To stream query results, set Result and OnResult fields of Query. The OnResult will be called after Result is filled with received data block.

The OnResult is optional, but query will fail if more than single block is received, so it is ok to solely set the Result if only one row is expected.
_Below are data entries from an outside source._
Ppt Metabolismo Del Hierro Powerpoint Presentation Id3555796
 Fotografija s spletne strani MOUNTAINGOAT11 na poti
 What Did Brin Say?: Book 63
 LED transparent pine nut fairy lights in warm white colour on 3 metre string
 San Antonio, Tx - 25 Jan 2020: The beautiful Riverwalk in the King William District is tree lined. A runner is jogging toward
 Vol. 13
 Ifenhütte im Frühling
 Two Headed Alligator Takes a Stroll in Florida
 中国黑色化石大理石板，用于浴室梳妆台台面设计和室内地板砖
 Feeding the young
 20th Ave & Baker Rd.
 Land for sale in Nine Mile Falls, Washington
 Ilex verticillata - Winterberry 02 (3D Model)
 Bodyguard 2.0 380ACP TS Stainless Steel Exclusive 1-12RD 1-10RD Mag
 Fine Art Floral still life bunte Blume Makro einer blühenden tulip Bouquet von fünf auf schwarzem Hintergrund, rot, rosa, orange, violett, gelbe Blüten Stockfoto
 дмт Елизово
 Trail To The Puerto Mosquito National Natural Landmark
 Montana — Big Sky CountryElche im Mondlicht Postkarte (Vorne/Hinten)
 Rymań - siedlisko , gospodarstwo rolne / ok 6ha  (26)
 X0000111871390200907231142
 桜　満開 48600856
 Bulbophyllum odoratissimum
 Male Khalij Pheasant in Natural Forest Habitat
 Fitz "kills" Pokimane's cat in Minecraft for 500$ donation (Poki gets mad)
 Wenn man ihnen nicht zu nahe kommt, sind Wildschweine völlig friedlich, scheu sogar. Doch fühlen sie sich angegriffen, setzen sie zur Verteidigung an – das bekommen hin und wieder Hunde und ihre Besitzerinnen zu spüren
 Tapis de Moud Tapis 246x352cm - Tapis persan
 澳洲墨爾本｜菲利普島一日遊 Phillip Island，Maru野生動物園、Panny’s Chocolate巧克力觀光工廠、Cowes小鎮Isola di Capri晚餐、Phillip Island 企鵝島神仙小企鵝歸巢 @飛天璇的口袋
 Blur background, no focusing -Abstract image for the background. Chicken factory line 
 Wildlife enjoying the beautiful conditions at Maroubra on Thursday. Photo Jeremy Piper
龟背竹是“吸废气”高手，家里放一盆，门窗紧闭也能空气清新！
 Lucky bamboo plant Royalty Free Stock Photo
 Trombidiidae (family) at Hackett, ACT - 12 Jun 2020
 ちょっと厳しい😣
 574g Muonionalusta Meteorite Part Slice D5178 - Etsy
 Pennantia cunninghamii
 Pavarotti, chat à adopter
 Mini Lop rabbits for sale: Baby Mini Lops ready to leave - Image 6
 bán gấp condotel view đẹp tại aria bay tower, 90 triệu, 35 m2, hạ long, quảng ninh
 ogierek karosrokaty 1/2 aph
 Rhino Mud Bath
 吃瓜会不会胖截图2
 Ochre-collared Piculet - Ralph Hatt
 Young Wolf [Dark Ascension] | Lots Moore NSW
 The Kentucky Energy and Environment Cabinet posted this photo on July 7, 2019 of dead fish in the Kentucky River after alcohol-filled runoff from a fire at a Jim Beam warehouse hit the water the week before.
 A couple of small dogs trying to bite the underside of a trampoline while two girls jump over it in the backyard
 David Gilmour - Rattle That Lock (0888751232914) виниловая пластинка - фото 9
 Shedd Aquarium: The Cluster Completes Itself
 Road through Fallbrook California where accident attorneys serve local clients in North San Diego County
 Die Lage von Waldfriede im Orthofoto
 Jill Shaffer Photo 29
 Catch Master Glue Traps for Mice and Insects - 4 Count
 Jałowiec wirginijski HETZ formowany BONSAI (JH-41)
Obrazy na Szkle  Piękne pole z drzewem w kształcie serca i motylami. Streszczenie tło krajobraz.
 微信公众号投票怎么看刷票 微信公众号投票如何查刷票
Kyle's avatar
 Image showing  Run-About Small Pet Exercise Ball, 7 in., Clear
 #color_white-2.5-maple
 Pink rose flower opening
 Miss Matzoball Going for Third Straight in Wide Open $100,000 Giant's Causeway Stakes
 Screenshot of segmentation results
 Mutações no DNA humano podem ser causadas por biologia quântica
Automatic result inference

var result proto.Results
q := ch.Query{
  Body:   "SELECT * FROM table",
  Result: result.Auto(),
}

Single result with column name inference

var res proto.ColBool
q := ch.Query{
  Body:   "SELECT v FROM test_table",
  Result: proto.ResultColumn{Data: &res},
}

Features

  • OpenTelemetry support
  • No reflection or interface{}
  • Generics (go1.18) for ArrayOf[T], LowCardinaliyOf[T], EnumOf[T]
  • Column-oriented design that operates with blocks
    • Dramatically more efficient
    • Up to 100x faster than row-first design around sql
    • Up to 700x faster than HTTP API
    • Low memory overhead (data blocks are slices, i.e. continuous memory)
    • Highly efficient input and output block streaming
    • As close to ClickHouse as possible
  • Structured query execution telemetry streaming
  • LZ4, ZSTD or None (just checksums) compression
  • External data support
  • Rigorously tested
    • ARM64, Windows, Mac, Linux (also x86)
    • Unit tests for encoding and decoding
      • ClickHouse Server in Go for faster tests
      • Golden files for all packets, columns
      • Both server and client structures
      • Ensuring that partial read leads to failure
    • End-to-end tests
      • 21.8.13.6-lts
      • 21.9.6.24-stable
      • 21.10.4.26-stable
      • 21.11.10.1-stable
      • 21.12.3.32-stable
      • 22.1.3.7-stable
    • Fuzzing

Supported types

  • UInt8, UInt16, UInt32, UInt64, UInt128, UInt256
  • Int8, Int16, Int32, Int64, Int128, Int256
  • Date, Date32, DateTime, DateTime64
  • Decimal32, Decimal64, Decimal128, Decimal256
  • IPv4, IPv6
  • String, FixedString(N)
  • UUID
  • Array(T)
  • Enum8, Enum16
  • LowCardinality(T)
  • Map(K, V)
  • Bool
  • Tuple(T1, T2, ..., Tn)
  • Nullable(T)

Generics

ArrayOf

Generic for Array(T)

// Array(String)
arr := proto.ArrayOf[string](new(proto.ColStr))
// Or
arr := new(proto.ColStr).Array()
q := ch.Query{
  Body:   "SELECT ['foo', 'bar', 'baz']::Array(String) as v",
  Result: arr.Results("v"),
}
// Do ...
arr.Row(0) // ["foo", "bar", "baz"]

TODO

  • Connection pools
  • Improved i/o timeout handling
    • Close connection on context cancellation in all cases
    • Ensure that reads can't block forever
  • TLS
  • API UX Improvements (with 1.18 generics?)
    • Enum
    • LowCardinality
    • Array(T)
    • FixedString(N)
    • Map(K, V)
    • Decimal(P, S)
    • Nullable(T)
    • Tuple?
  • Code generation from DDL
    • Parser
    • Code generator for SELECT/INSERT
    • Query builder
  • DSL for DDL
  • database/sql integration
  • Reading and writing Native format dumps

Reference

License

Apache License 2.0